* **Goal of the exercise**
Set each record down exactly, excluding all images.

* **Provided material**

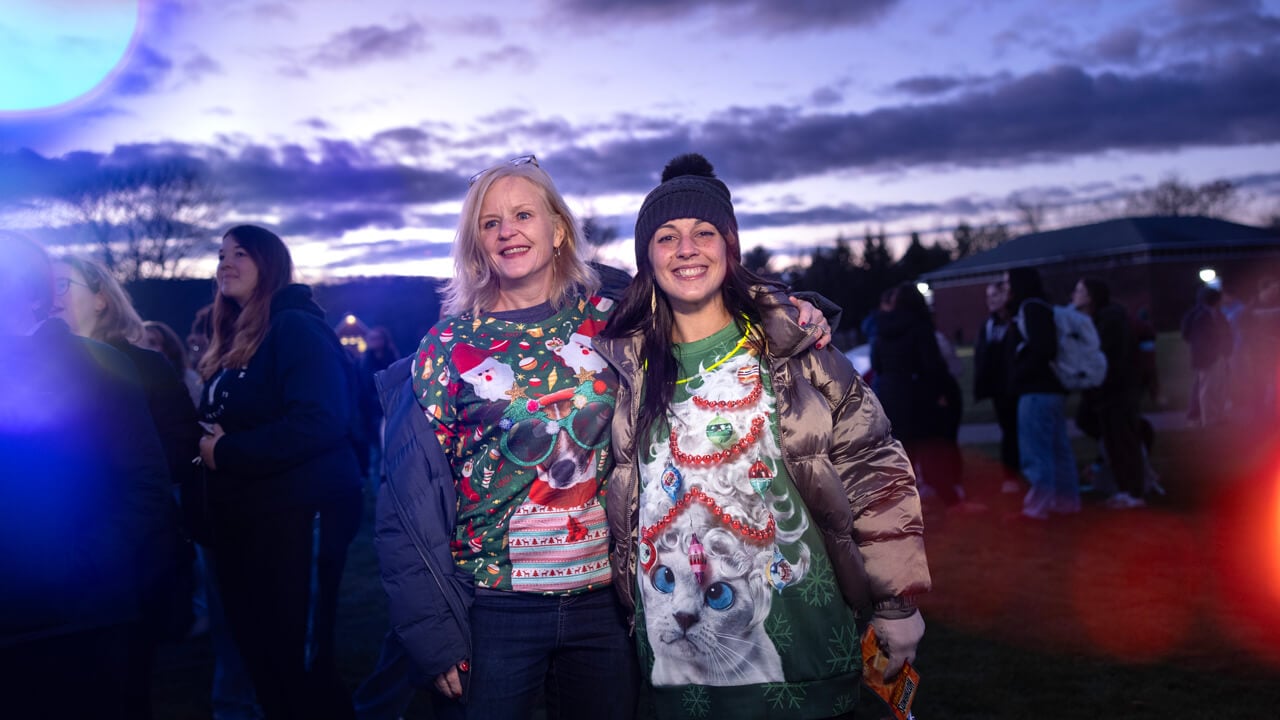 People pose for a photo with holiday lights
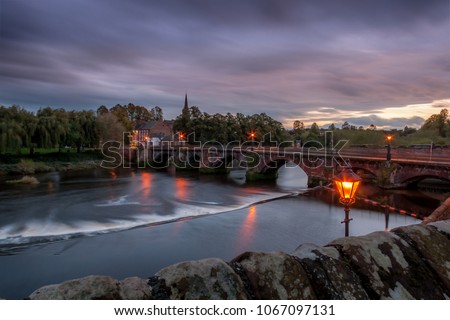 View of Dee river and the Old Dee Bridge in Chester, Cheshire, at sunset, taken from the Chester City Walls Royalty-Free Stock Photo #1067097131
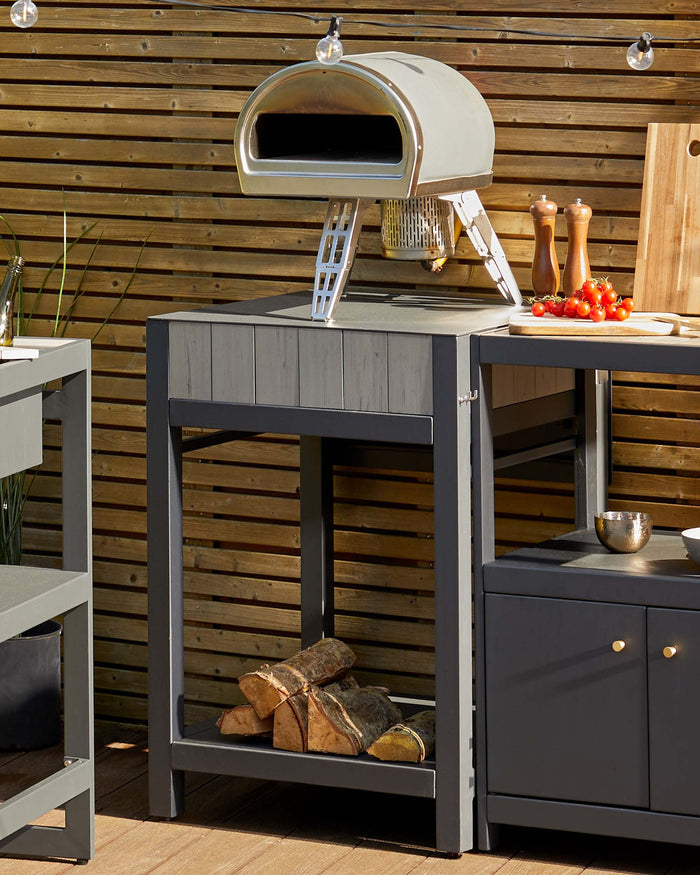 Outdoor kitchen furniture featuring a charcoal grey wood-fired pizza oven on a matching kitchen prep table with storage shelf and a side cabinet with two doors for storage. The scene is set against a wooden slatted background, suggesting a patio or garden environment ideal for outdoor cooking and entertainment.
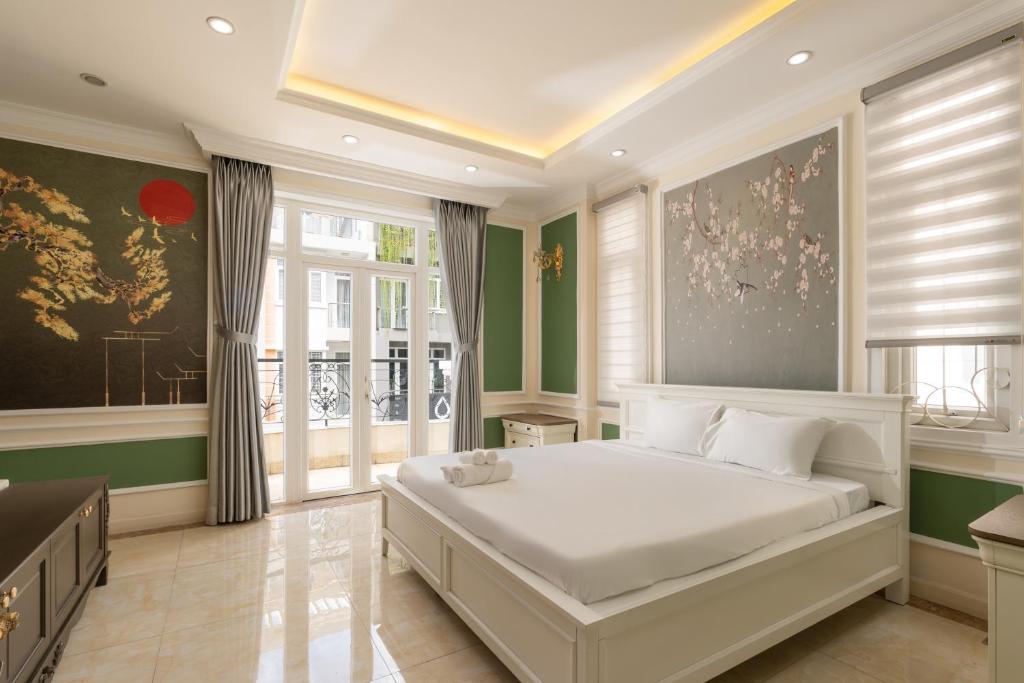 a bedroom with a large white bed and windows at Villa INDOCHINA 7 bed room in Ho Chi Minh City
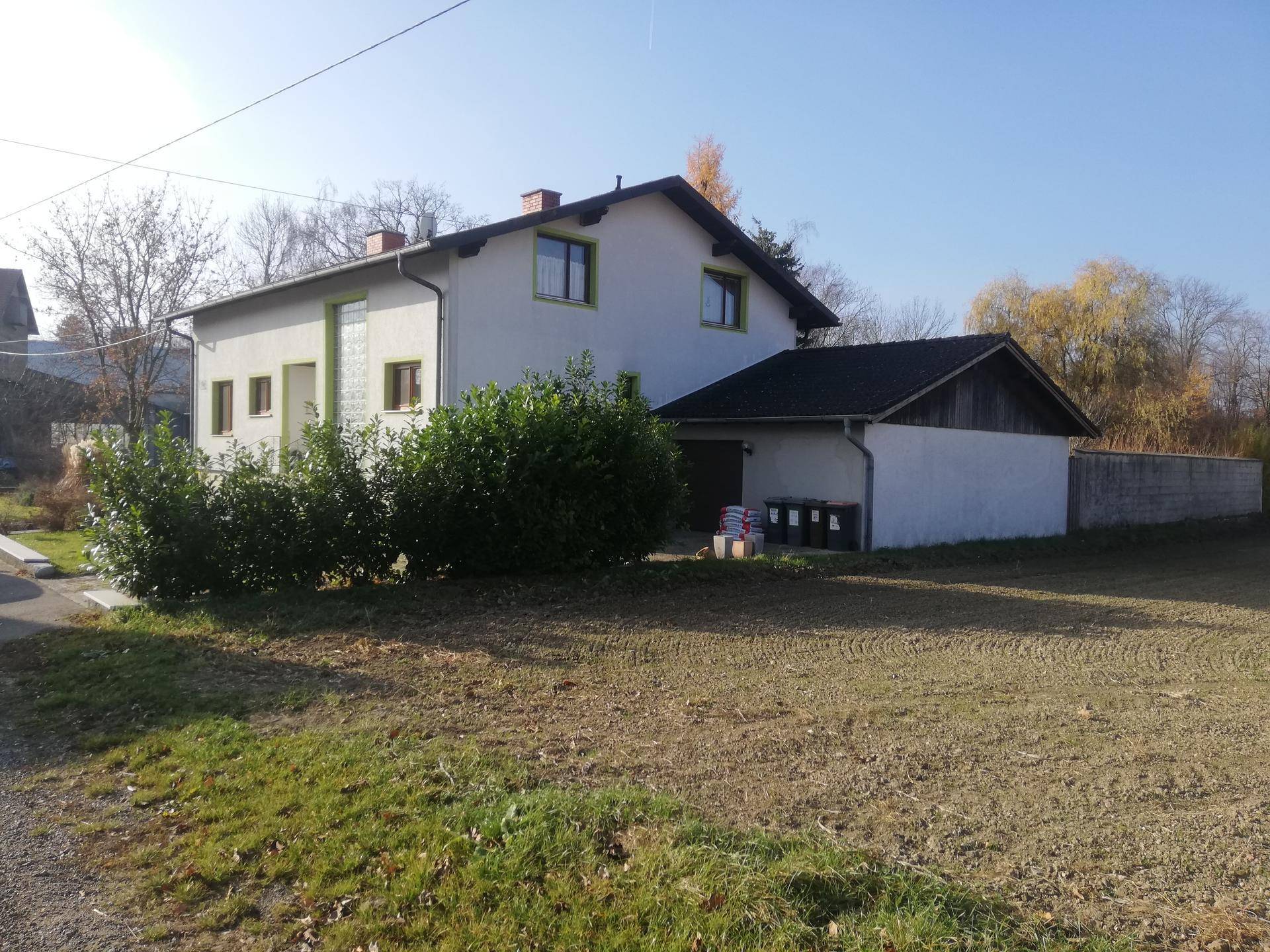 Seitenansicht des Einfamilienhauses mit angrenzender Garage und großem Grundstück.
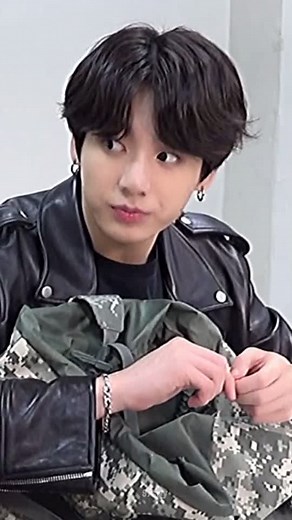 Jungkook's Stylish Backpack and Snack Essentials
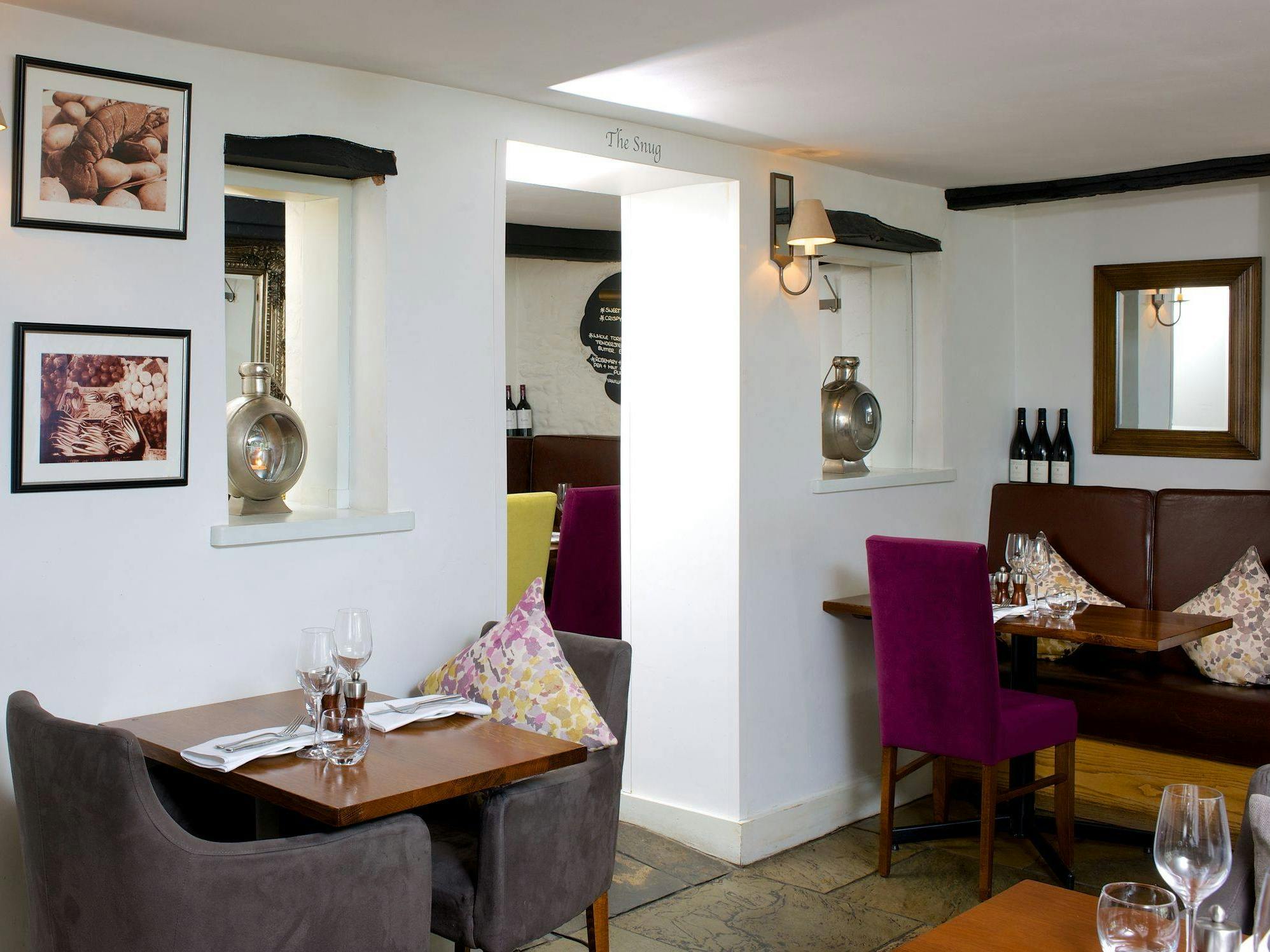 The sumptuous dining room at the crab and lobster with velvet chairs and images of seafood on the walls. 
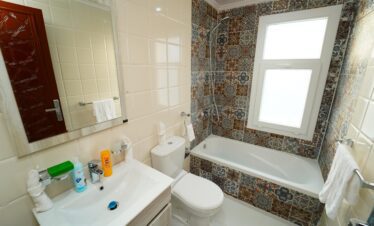 Salle de bain moderne et lumineuse à bord d’un bateau de croisière, équipée d’une baignoire ornée de mosaïques traditionnelles, d’un lavabo avec rangement, et d’accessoires soigneusement disposés pour le confort des passagers.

* **Solution to the problem**
 People pose for a photo with holiday lights
 View of Dee river and the Old Dee Bridge in Chester, Cheshire, at sunset, taken from the Chester City Walls Royalty-Free Stock Photo #1067097131
 Outdoor kitchen furniture featuring a charcoal grey wood-fired pizza oven on a matching kitchen prep table with storage shelf and a side cabinet with two doors for storage. The scene is set against a wooden slatted background, suggesting a patio or garden environment ideal for outdoor cooking and entertainment.
 a bedroom with a large white bed and windows at Villa INDOCHINA 7 bed room in Ho Chi Minh City
 Seitenansicht des Einfamilienhauses mit angrenzender Garage und großem Grundstück.
 Jungkook's Stylish Backpack and Snack Essentials
 The sumptuous dining room at the crab and lobster with velvet chairs and images of seafood on the walls. 
 Salle de bain moderne et lumineuse à bord d’un bateau de croisière, équipée d’une baignoire ornée de mosaïques traditionnelles, d’un lavabo avec rangement, et d’accessoires soigneusement disposés pour le confort des passagers.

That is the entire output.